Almost six-foot-five, he weighs two hundred and fifty pounds give or take thirty. His tan shaved head is smooth like polished stone, his hands and feet the size of boats. Marino’s shoulders are the width of a door, and he could bench-press five of me he likes to brag.
He’s handsome in a primitive way with a big ruddy face, heavy brow and prominent nose. He has a caveman jaw and strong white teeth, and he tends to explode out of business clothes like the Incredible Hulk. Nothing dressy and off the rack looks quite right on him, and part of the problem is he shouldn’t be left to his own devices when he shops, which isn’t often or planned. It would be helpful if he would clean out his closets and garage occasionally but I’m pretty sure he never has.
As he steps up on the sidewalk I notice the sleeves of his navy-blue suit jacket are above the wrist. His trouser cuffs are high-waters that show his gray tube socks, and he has on black leather trainers that aren’t laced all the way up. His tie is almost color coordinated and just as unfashionable, black-and-red-striped and much too wide, possibly from the 1980s when people wore polyester bell-bottoms, Earth Shoes and leisure suits.
He has his reasons for what he wears, and the tie no doubt is woven of special memories, maybe a bullet he dodged, a perfect game he bowled, the biggest fish he ever caught or an especially good first date. Marino makes a point of never throwing out something that matters to him. He’ll wander into thrift shops and junk stores looking for a past he liked better than the here and now, and it’s ironic that a badass would be so sentimental.
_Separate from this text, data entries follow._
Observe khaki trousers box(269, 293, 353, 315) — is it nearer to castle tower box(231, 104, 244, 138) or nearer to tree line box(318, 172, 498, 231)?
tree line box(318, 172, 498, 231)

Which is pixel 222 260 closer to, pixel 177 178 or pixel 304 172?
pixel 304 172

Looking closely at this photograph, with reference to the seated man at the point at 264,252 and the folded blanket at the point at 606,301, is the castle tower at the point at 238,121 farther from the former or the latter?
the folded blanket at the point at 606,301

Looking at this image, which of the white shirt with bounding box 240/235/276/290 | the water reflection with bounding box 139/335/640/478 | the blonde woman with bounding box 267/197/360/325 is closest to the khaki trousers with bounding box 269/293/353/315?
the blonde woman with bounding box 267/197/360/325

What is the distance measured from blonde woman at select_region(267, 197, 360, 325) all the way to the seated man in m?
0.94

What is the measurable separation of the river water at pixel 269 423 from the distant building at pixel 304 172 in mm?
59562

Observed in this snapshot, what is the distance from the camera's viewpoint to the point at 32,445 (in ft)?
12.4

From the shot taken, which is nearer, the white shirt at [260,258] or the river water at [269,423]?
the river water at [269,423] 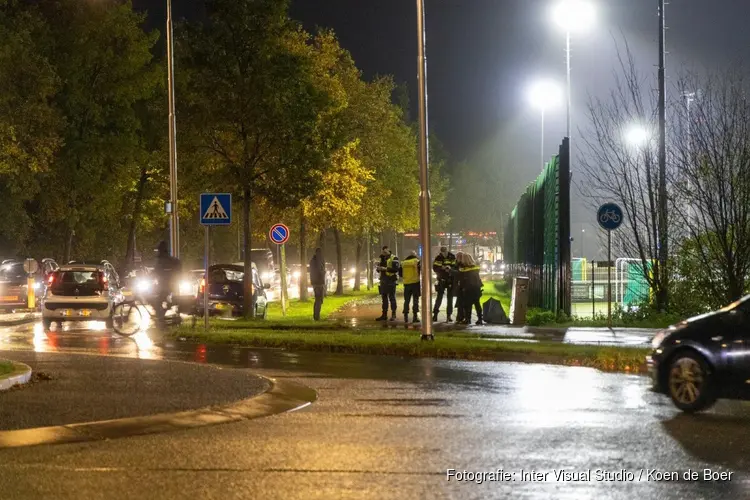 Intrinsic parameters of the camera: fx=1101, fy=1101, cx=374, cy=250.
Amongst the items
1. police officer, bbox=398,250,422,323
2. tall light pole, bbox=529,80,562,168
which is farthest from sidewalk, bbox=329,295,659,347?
tall light pole, bbox=529,80,562,168

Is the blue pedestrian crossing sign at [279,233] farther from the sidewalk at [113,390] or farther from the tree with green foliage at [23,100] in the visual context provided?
the sidewalk at [113,390]

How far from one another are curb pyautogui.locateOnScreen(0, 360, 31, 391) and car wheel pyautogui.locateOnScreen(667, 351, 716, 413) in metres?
7.54

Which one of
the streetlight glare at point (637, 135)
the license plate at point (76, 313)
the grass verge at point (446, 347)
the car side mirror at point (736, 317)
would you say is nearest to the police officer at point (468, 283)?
the grass verge at point (446, 347)

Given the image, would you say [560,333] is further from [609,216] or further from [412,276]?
[412,276]

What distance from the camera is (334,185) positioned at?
41094 millimetres

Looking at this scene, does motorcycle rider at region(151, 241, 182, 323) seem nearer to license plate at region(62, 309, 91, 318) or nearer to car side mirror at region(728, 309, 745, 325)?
license plate at region(62, 309, 91, 318)

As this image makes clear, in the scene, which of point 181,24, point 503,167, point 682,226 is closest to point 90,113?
point 181,24

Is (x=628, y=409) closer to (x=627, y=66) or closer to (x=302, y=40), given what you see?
(x=627, y=66)

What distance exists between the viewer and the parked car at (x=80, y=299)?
86.4 ft

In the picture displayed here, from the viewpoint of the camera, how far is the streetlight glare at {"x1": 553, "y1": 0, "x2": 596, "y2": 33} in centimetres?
2967

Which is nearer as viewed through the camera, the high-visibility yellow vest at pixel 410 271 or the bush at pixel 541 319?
the bush at pixel 541 319

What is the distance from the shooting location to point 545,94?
43344mm

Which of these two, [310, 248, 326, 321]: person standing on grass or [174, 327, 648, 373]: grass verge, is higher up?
[310, 248, 326, 321]: person standing on grass

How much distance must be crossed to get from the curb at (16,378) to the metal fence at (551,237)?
16.9 metres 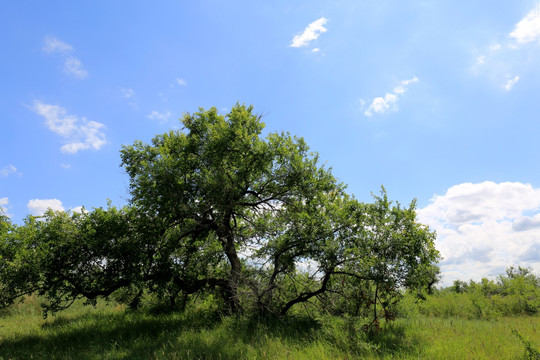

“Come on. I’ll drop you off.” His eyes are blacked out by vintage Ray-Ban aviator glasses I gave to him a few birthdays ago.
“Why would I need a ride?” The entrance to the brick path leading from the concrete sidewalk to the Faculty Club is just up ahead, a minute’s walk from here at most.
But he isn’t going to take no for an answer. He steers me off the sidewalk, raising a big mitt of a hand to stop traffic as we cross the street. He’s not holding me but I’m not exactly free as he guides me into the front seat of his police vehicle, where I struggle awkwardly with my bags while the run in my panty hose races from my knee down to the back of my shoe as if trying to escape Marino’s madness.
I can’t help but think, Here we go again. Another spectacle. To some it might look like I’m being picked up and questioned by the police, and I wonder if I’ll be hearing that next.
“Why are you riding around looking for me, since it seems that’s what you’re doing?” I ask as he shuts the door. “Seriously, Marino.” But he can’t hear me.